Eu não entendo relacionamentos, mas parte de mim ainda sente falta de alguém. Não necessariamente de dormir com alguém, mas de acordar na manhã seguinte e te ver com a camisola bagunçada, com uma das alças caindo, descabelada e rindo comigo sobre qual de nós dois vai levantar pra ligar a cafeteira. Pra andar de mãos dadas por aí, não interessa pra onde, só pelo prazer de estar ligado a você. Só pela alegria de me sentir acompanhado, seguro, contente. Eu imagino que seria bom. Alguém pra animar os meus Sábados à noite, enlouquecer os meus Domingos, e dizer que sente a minha falta durante a semana. Ou simplesmente, alguém para passar o fim de semana inteiro na cama comigo em perfeita inércia. Vasculhando o catálogo da Netflix e tentando entrar em um consenso sobre o que vamos assistir. Alguém que me fizesse não me importar mais com o que estivesse na tela, porque a pessoa ao lado seria muito mais interessante...

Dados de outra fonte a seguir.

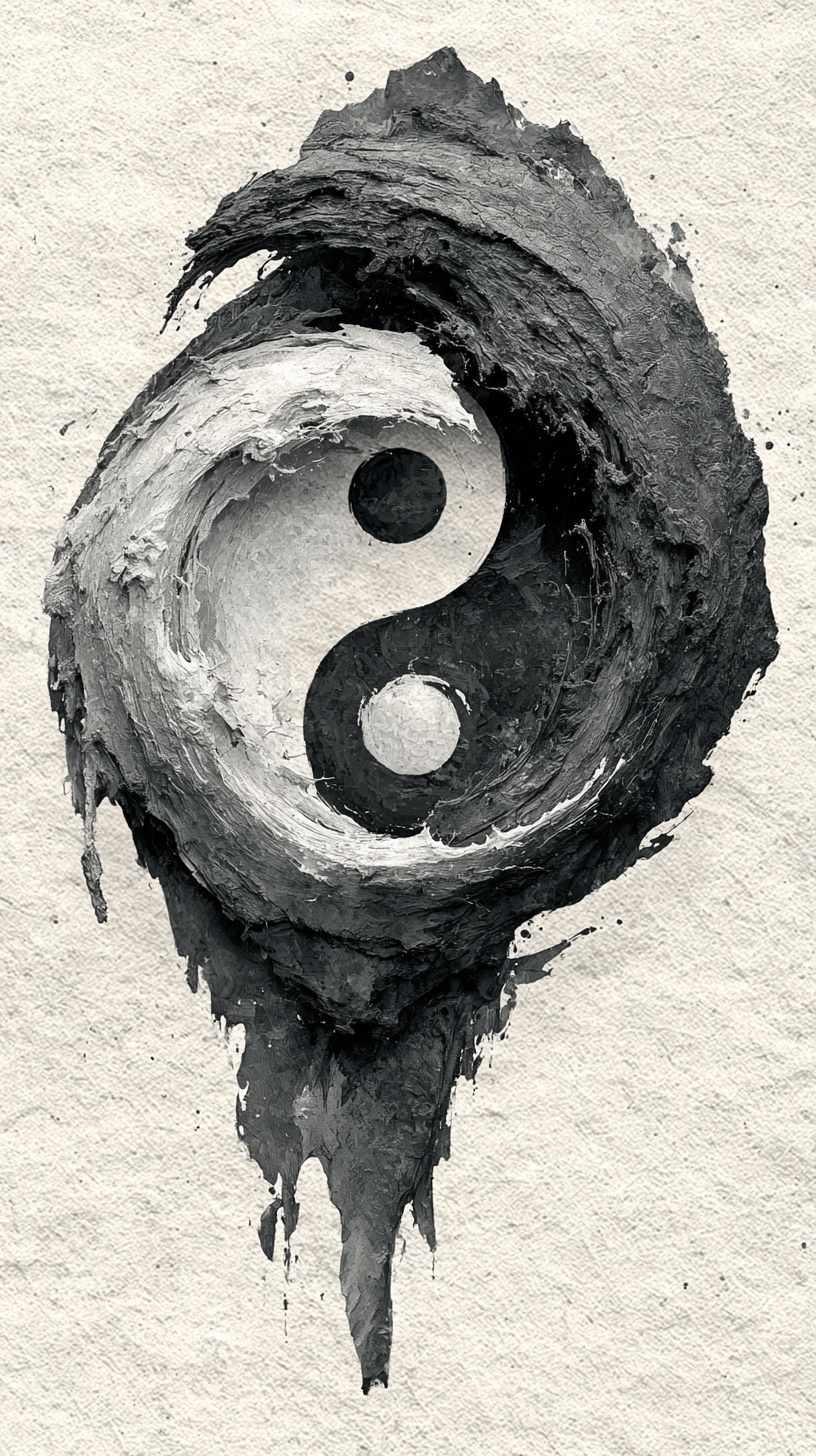 fond d'écran Yin et yang android 4k gratuit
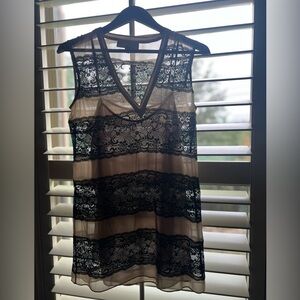 Chic Black Lace Mini Dress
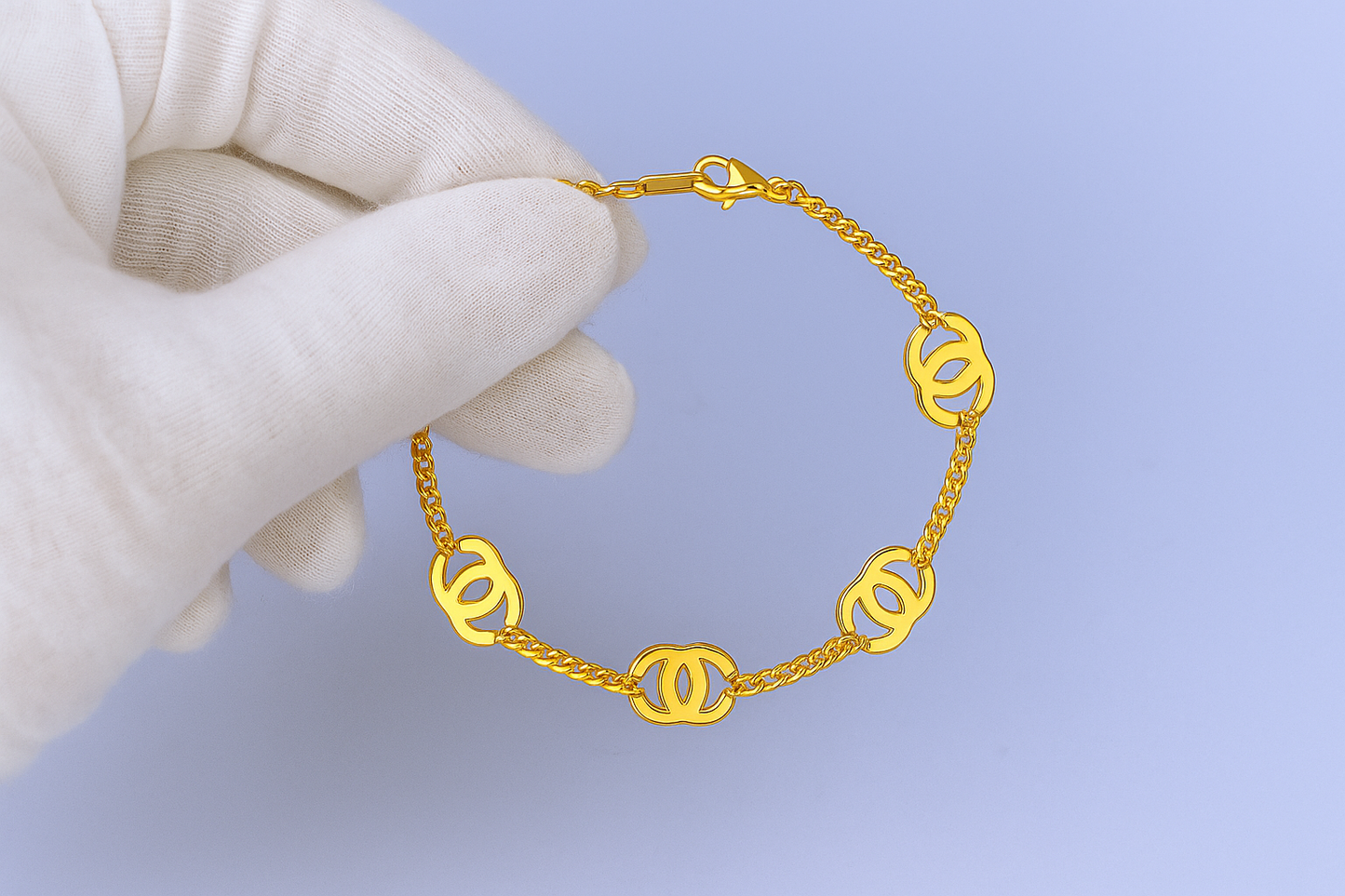 Golden Empress Charm Bracelet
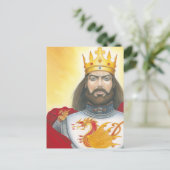 King Arthur mini-Print Postkarte (Stehend Vorderseite)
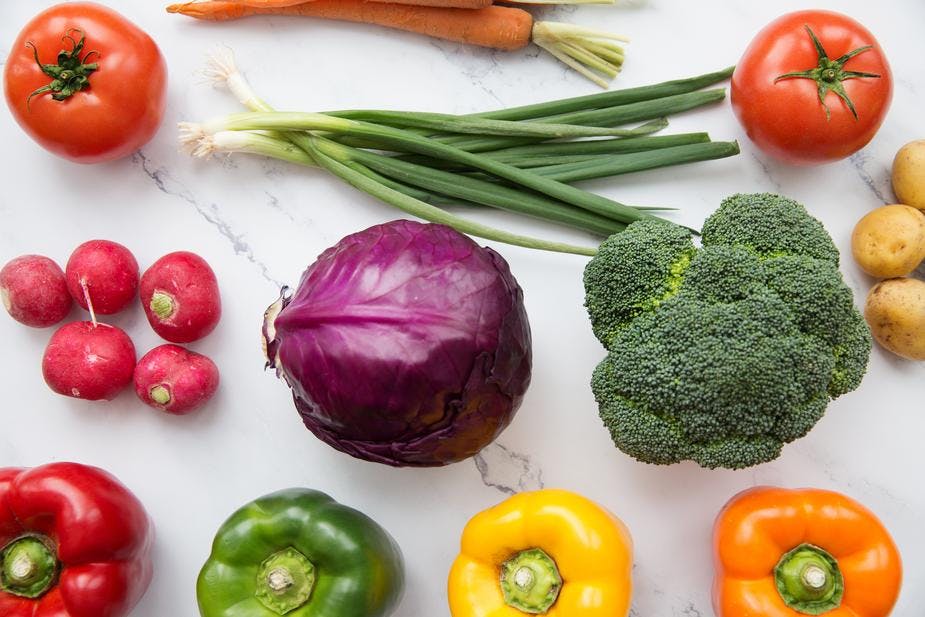 colourful fresh vegetables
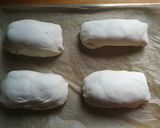 Csirkemellbe teker sonka, sajt-Leveles tésztában sütve! recept fázis 6 fotója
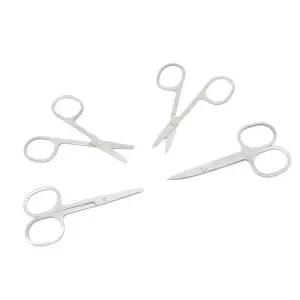 정리 눈썹 스텐인레스 미용 코털 가위 도구 인레스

Alguém pra cuidar. É, alguém pra cuidar... Eu gostaria disso. Eu sinto falta disso.

Ou talvez tudo isso seja só o meu medo transcrito em palavras, com esperança nas entrelinhas de que alguém leia isto e me convença de que, apesar de não fazer sentido, ainda vale a pena sim. Nem todos os iogurtes estão prestes a vencer, e nem todo o amor acaba derramado no chão com duas pessoas chorando por ele. Talvez ser feliz, por incrível que pareça, não se resuma a assistir séries. Felicidade é outra coisa que eu também não entendo completamente. Mas temporadas de amor, quando são bem escritas, tendem a durar bastante.

É... Eu não vou desistir. Só não prometo que vou maneirar nas séries. Better Call Saul tem um episódio novo toda terça-feira. Alguns compromissos são simplesmente inadiáveis na falta de alguém imperdível.